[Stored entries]
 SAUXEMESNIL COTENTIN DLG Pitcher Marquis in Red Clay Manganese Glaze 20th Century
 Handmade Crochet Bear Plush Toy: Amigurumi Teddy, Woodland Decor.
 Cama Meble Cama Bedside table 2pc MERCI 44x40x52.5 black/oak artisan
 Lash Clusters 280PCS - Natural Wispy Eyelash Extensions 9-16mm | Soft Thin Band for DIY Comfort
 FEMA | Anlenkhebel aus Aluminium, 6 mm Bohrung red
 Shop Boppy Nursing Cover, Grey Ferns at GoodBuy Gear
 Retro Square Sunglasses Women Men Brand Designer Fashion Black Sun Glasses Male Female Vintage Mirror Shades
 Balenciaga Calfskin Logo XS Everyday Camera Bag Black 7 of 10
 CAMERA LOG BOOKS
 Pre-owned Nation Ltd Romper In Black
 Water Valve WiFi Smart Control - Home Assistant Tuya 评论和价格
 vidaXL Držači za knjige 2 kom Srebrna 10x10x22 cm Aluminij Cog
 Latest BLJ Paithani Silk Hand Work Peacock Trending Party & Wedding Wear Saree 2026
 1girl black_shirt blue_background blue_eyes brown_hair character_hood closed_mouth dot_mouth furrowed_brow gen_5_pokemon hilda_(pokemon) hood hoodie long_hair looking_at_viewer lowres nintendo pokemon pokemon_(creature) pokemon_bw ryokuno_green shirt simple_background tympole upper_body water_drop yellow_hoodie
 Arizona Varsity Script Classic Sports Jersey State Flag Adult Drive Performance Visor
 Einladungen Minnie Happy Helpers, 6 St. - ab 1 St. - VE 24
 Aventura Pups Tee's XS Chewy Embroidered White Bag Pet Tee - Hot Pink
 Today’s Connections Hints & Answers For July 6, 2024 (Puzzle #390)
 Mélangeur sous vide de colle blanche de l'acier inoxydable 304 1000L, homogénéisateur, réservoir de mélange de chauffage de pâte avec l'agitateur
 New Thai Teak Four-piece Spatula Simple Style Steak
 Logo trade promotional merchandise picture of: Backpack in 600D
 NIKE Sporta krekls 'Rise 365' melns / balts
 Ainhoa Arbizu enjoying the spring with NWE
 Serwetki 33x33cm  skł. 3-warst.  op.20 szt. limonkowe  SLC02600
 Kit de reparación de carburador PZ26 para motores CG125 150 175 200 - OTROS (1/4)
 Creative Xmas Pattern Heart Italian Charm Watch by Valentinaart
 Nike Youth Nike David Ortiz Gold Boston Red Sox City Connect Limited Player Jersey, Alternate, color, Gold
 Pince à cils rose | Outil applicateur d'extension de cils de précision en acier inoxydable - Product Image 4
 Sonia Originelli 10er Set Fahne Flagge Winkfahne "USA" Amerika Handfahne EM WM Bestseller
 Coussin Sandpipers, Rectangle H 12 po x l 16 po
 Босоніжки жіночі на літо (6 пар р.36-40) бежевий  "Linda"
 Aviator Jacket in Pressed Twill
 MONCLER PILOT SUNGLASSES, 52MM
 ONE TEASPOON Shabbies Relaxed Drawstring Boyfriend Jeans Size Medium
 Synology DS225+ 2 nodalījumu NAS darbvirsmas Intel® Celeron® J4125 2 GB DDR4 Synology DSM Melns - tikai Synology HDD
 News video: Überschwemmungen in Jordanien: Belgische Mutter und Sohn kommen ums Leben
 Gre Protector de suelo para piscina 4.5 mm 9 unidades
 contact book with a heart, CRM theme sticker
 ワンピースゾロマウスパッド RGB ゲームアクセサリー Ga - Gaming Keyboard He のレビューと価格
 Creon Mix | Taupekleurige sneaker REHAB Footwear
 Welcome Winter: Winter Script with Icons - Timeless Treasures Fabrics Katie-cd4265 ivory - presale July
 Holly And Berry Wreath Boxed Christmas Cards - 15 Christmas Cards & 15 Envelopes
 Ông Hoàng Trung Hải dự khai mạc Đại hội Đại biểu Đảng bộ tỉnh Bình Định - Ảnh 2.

- _Exercise description_: Within the data above, the lines from the one with "FEMA | Anlenkhebel" to the one with "Latest BLJ Paithani" must be repeated exactly; no other line belongs in the answer.

- _Written answer_:
 FEMA | Anlenkhebel aus Aluminium, 6 mm Bohrung red
 Shop Boppy Nursing Cover, Grey Ferns at GoodBuy Gear
 Retro Square Sunglasses Women Men Brand Designer Fashion Black Sun Glasses Male Female Vintage Mirror Shades
 Balenciaga Calfskin Logo XS Everyday Camera Bag Black 7 of 10
 CAMERA LOG BOOKS
 Pre-owned Nation Ltd Romper In Black
 Water Valve WiFi Smart Control - Home Assistant Tuya 评论和价格
 vidaXL Držači za knjige 2 kom Srebrna 10x10x22 cm Aluminij Cog
 Latest BLJ Paithani Silk Hand Work Peacock Trending Party & Wedding Wear Saree 2026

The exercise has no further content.